### Supplied material ###
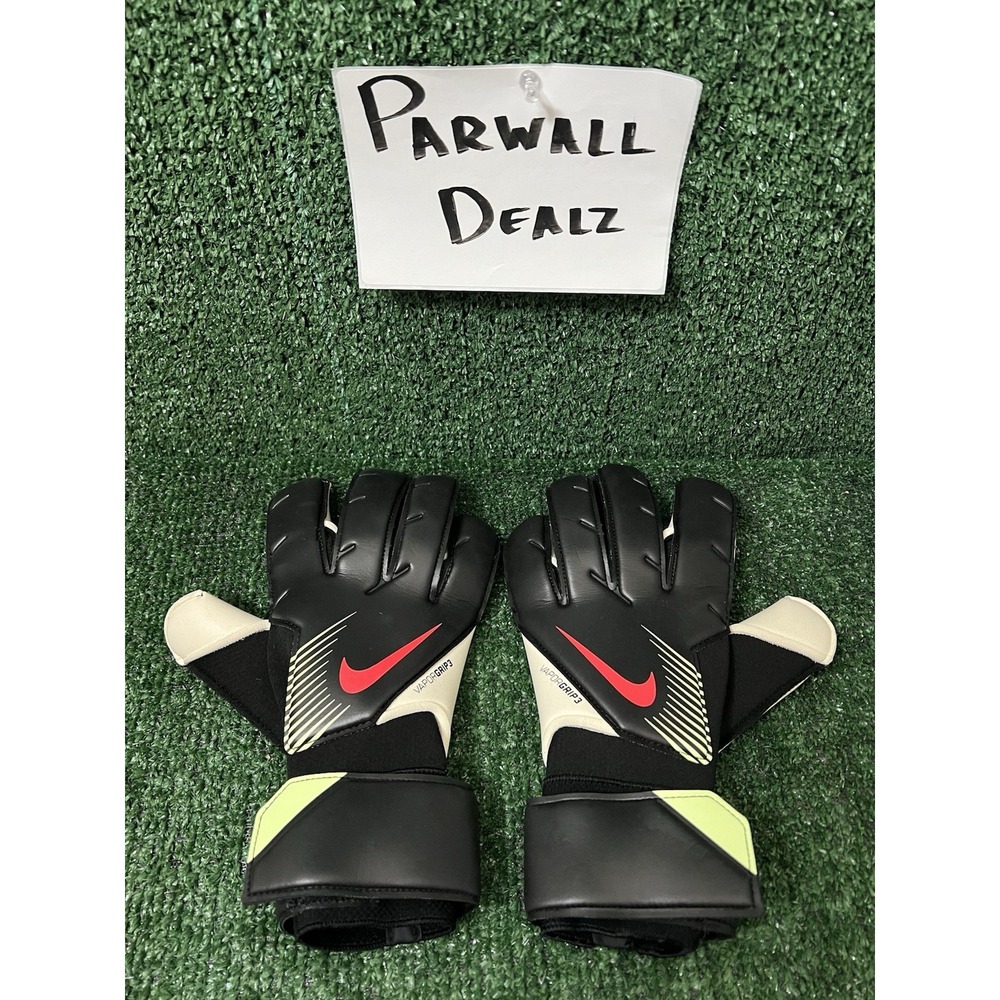 Nike Vapor Grip 3 Promo Soccer Goalkeeper Gloves Black Red Size 8.5 FB2092-010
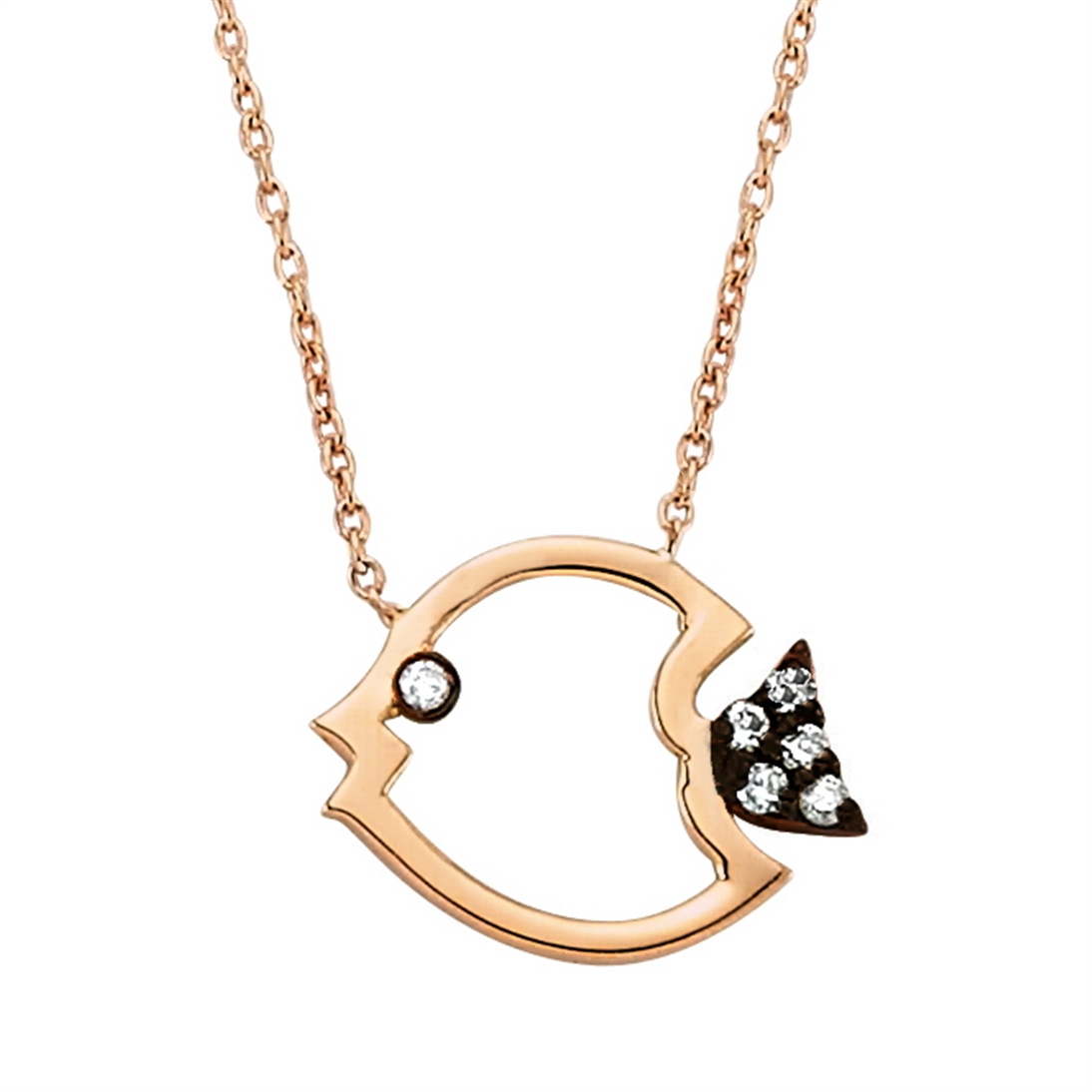Solid Gold 0.03 ct Diamond Fish Necklace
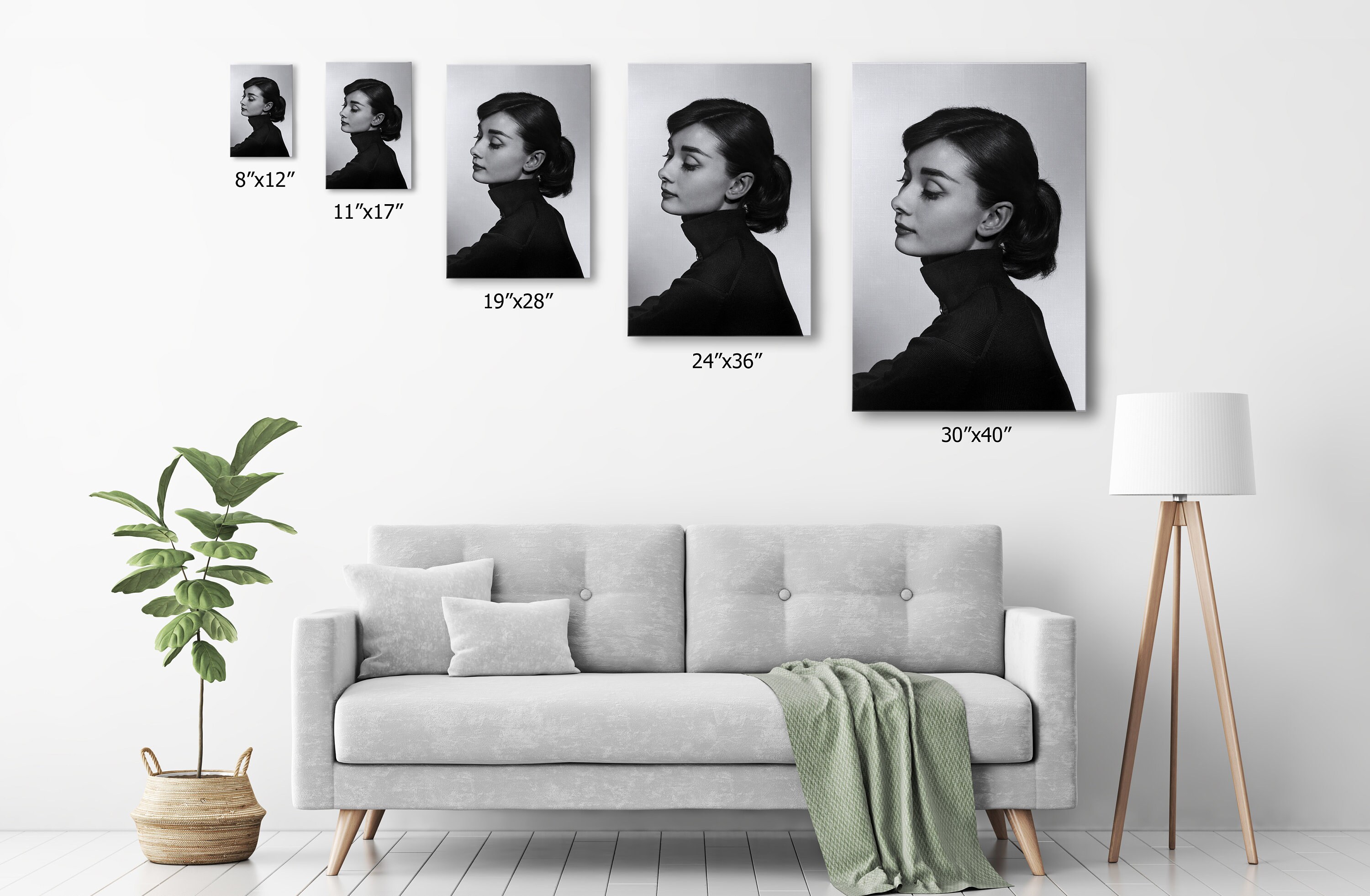 Audrey Hepburn Canvas Wall Art, Audrey Hepburn Black and White Canvas Wall Decor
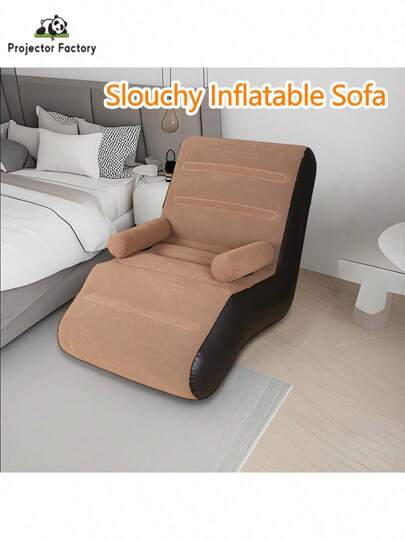 LIPETY Slouchy Inflatable Sofa Inflatable , Thickened Flocking PVC Foldable Blow Up Couch Mattress, Inflatable Deck Chair , For Bedroom And Living Room Beach Patio  With Handrails,Camping(With Air Pump)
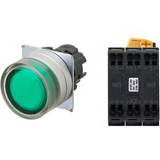 Nút nhấn nhả có đèn OMRON A22NL-MGM-TGA-P101-GE 220VAC D22/25 2NO (Xanh)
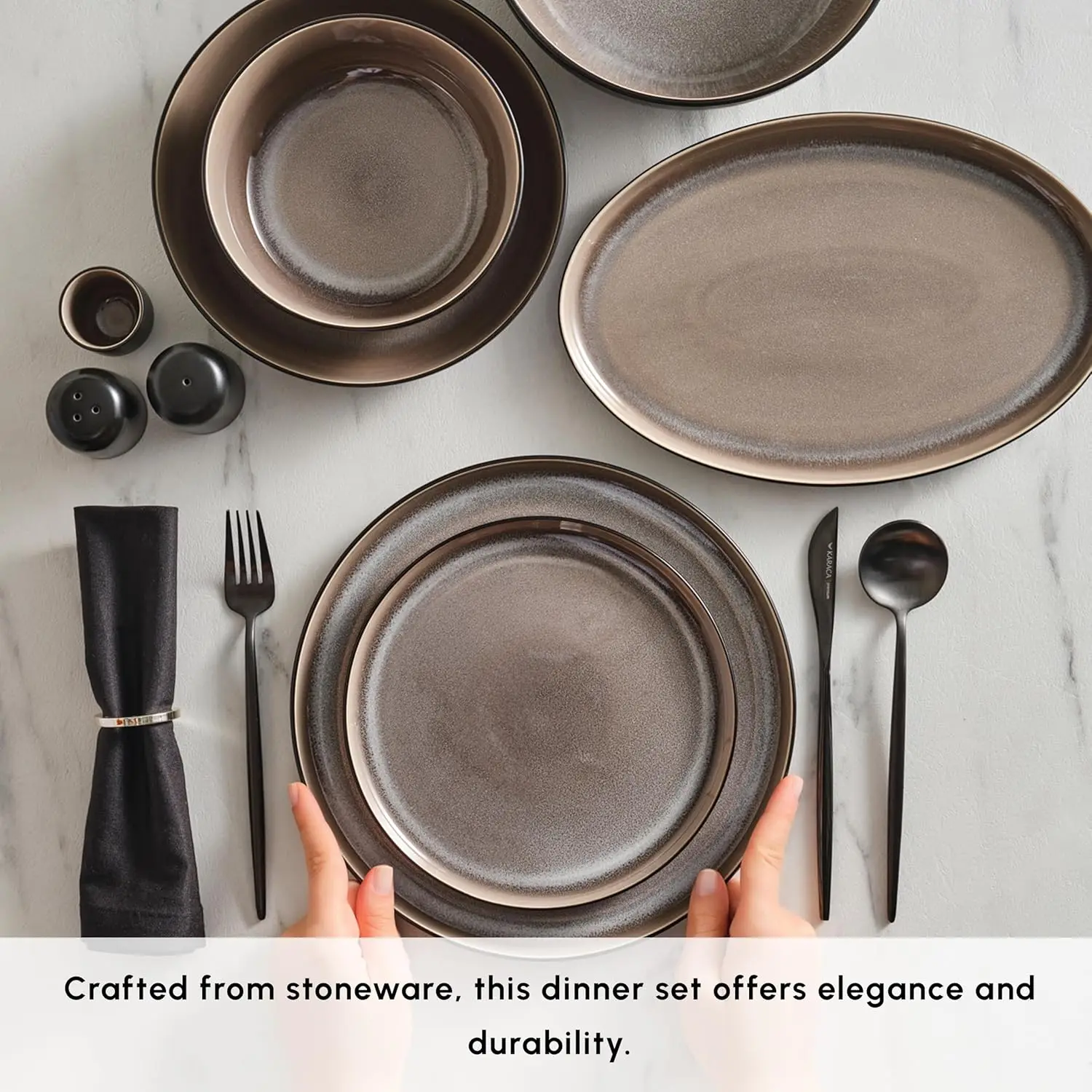 Mercure 59 Piece Stoneware Plates and Bowls Set, Reactive Glaze Black Dinner Set, Complete Kitchen Tableware Collection, Ideal D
###
Assignment
Working from the line containing "LIPETY Slouchy Inflatable" to the last line of the data, retype every line exactly, both ends included, and leave out all pictures.

Completed exercise
 LIPETY Slouchy Inflatable Sofa Inflatable , Thickened Flocking PVC Foldable Blow Up Couch Mattress, Inflatable Deck Chair , For Bedroom And Living Room Beach Patio  With Handrails,Camping(With Air Pump)
 Nút nhấn nhả có đèn OMRON A22NL-MGM-TGA-P101-GE 220VAC D22/25 2NO (Xanh)
 Mercure 59 Piece Stoneware Plates and Bowls Set, Reactive Glaze Black Dinner Set, Complete Kitchen Tableware Collection, Ideal D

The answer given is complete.